All reasons my mind reminds me that I no longer have.
Well, yes, there is still the pain but it is so much less that I don't even think it is worth mentioning (except that I just did). But I am no longer new to running. My body is relatively used to it. I can knock out four miles (at snail pace) without too much fanfare. My foot is strong. I know my body's limits and likes. But I still suck at running.
So I feel like a failure.
I can't run fast enough or far enough or with enough enjoyment to feel as if I were a true runner. In every run, my body reaches a point where it says to my mind, "Enough you sadist. We are going home to drink beer." And my little sadomasochist mind can't make my body change. If it isn't fudging on distance (such as in the speed training mentioned above), it is fudging on pace where my body gets slower and sloower and sloooower while my mind rails at it.

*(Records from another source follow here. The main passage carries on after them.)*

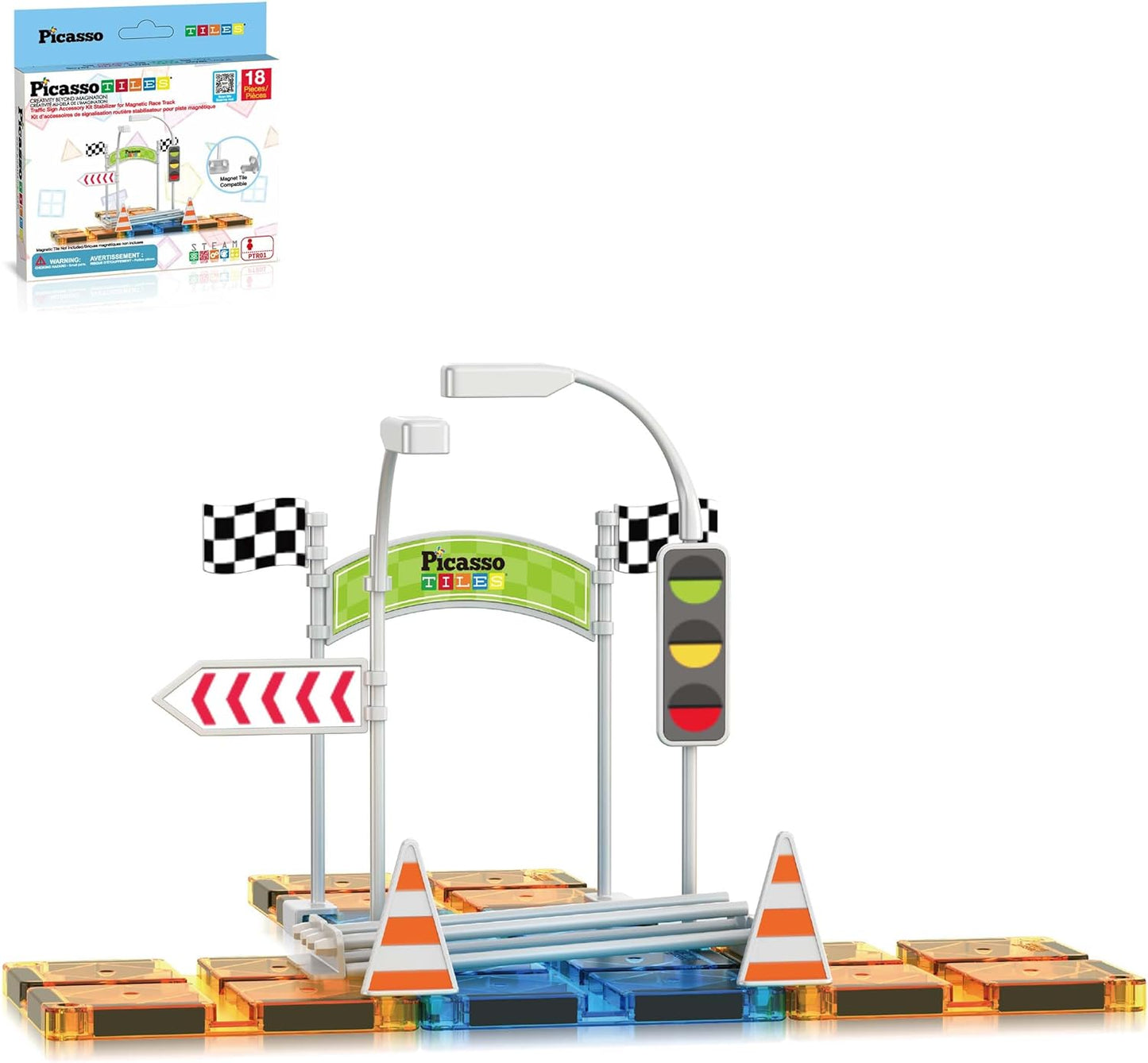PicassoTiles Magnetic Tiles Race Track Car Thrilling Toy Playset Includes 2 Racing Trucks STEM Educational Magnet Tile Building Block Construction Set for Toddlers Boys Girls Ages 3 and Older PTR30
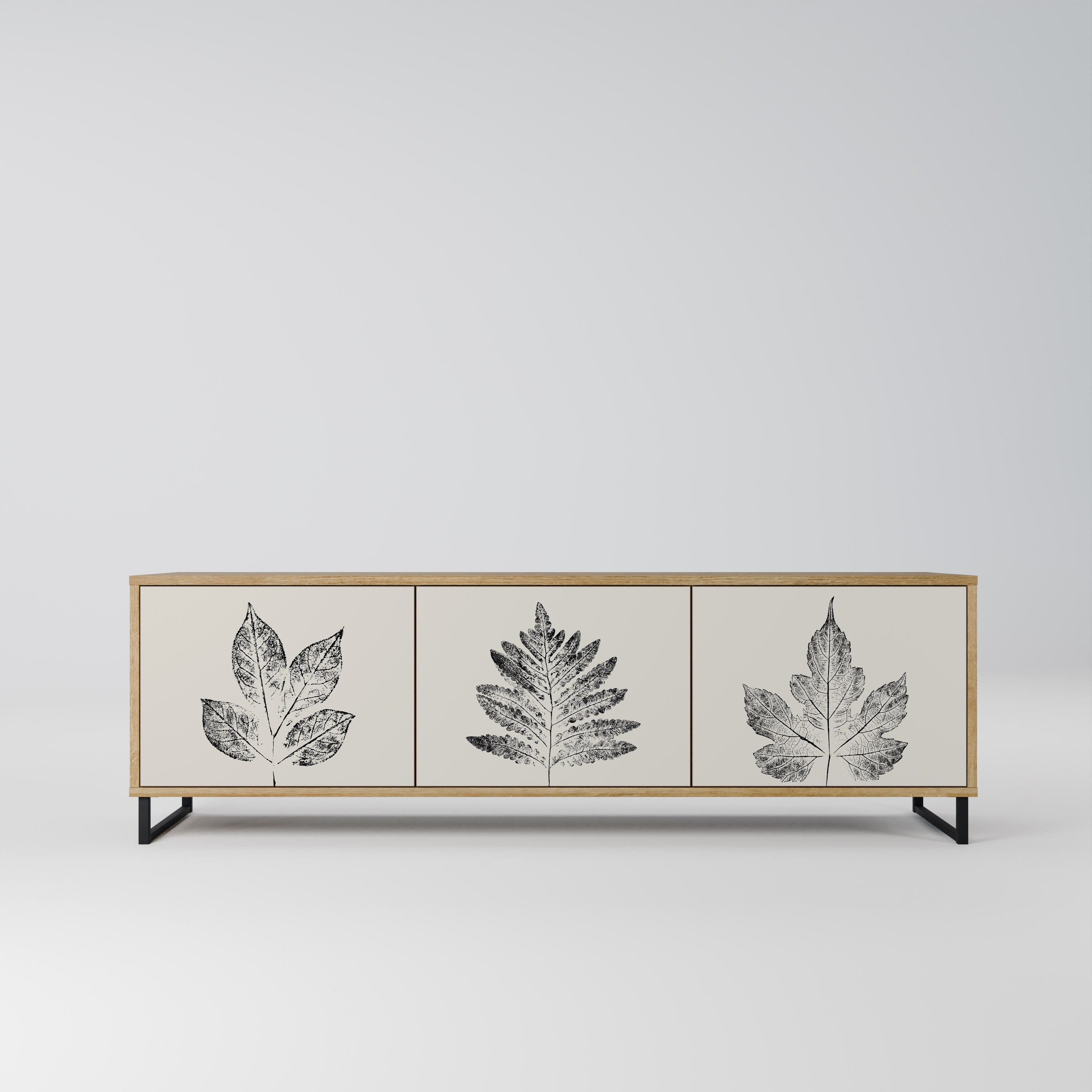 LEAFY STAMPS TV-Lowboard mit 3 Türen in Eiche-Optik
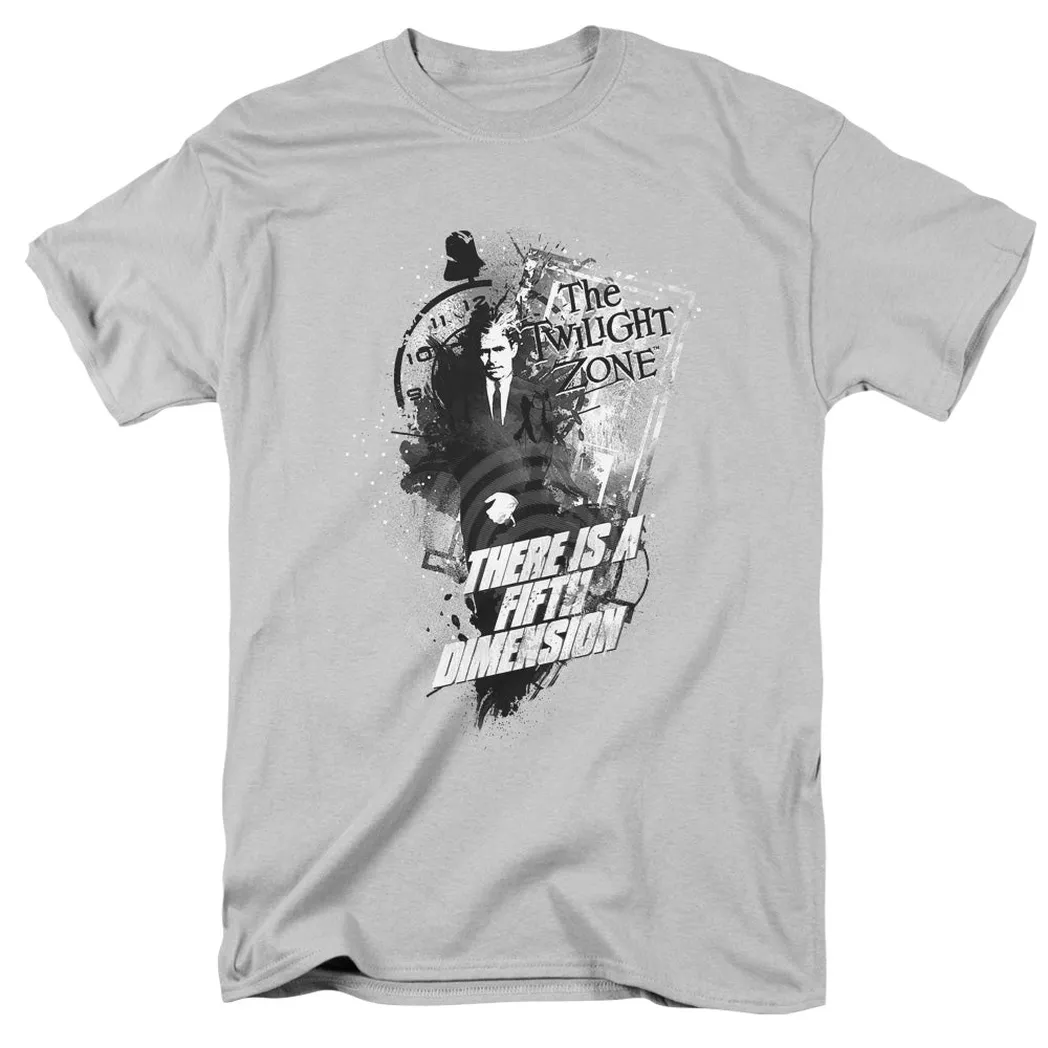 Twilight Zone Fifth Dimension Mens T Shirt Silver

Really, my mind has it easy. It isn't the one who has to actual put feet to pavement. It gets to listen to NPR podcasts while it rests, nestled in its cerebral fluid. So it really shouldn't get much of a say in how my body acts.
But my mind has the biggest mouth, ever. So when it screams at my body and tells it what a failure I am, my body can't hear anything else.
My body isn't asking much. It really doesn't even care all that much about running. It is just as happy being fit some other way that is less fraught with angst. I'm hoping that after the HelMarathon, my body will finally stand up to my mind and tell that ungrateful and lazy bitch where she can take running and stuff it.